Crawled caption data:
★ ★ ★ ★
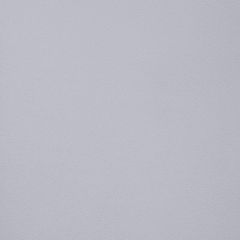 Обои виниловые Andrea Rossi Gavi 10.05х1.06 м (54367-8)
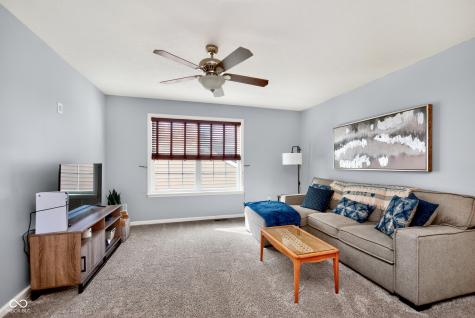 5783 Blue Sky Drive Whitestown IN 46075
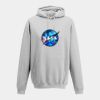 Flirt - Hooded Sweatshirt Thumbnail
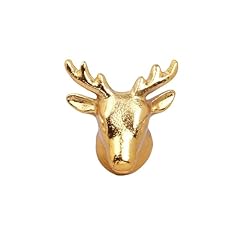 Decor detailed deer for sale  Delivered anywhere in UK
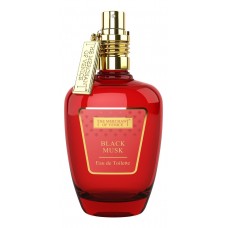 The Merchant Of Venice Black Musk фото духи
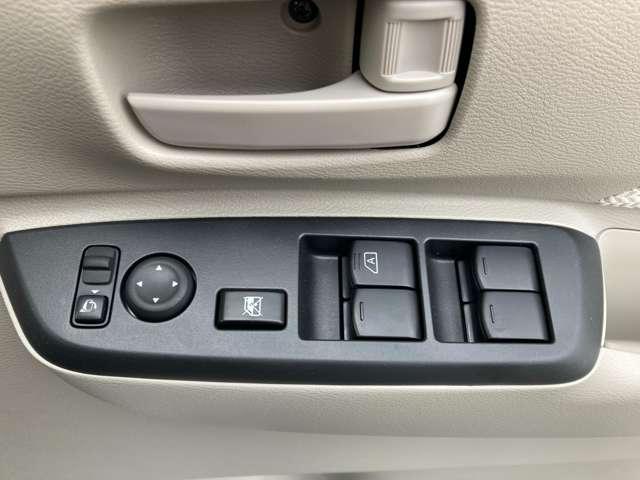 �y�p���[�E�B���h�E�X�C�b�`�z�^�]�Ȃ����ȑ����ȒP�ɑ���\�ł������q�l�̌����������h�~���ł��܂��恙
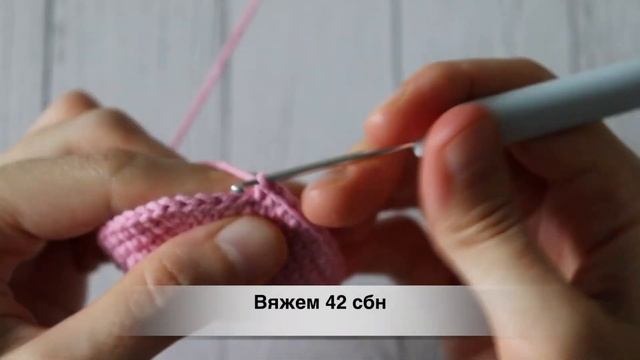 Не люблю хранить много остатков пряжи. Что я решила с ними сделать. Кот Лёня остался довольным) смотреть онлайн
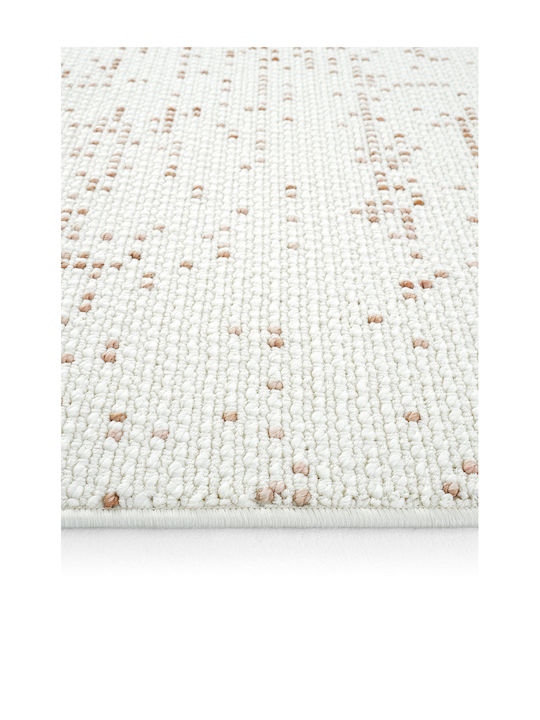 SteweHome Kitchen Runner Mat Scandinavian Style 80x150cm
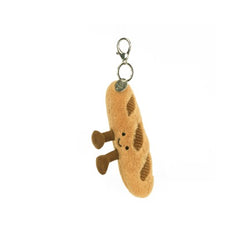 Baguette Bag Charm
★ ★ ★ ★
Retype, exactly as written, each line from the one containing "SteweHome Kitchen Runner" through the end of the data above, and leave out every picture.

Output of the exercise.
 SteweHome Kitchen Runner Mat Scandinavian Style 80x150cm
 Baguette Bag Charm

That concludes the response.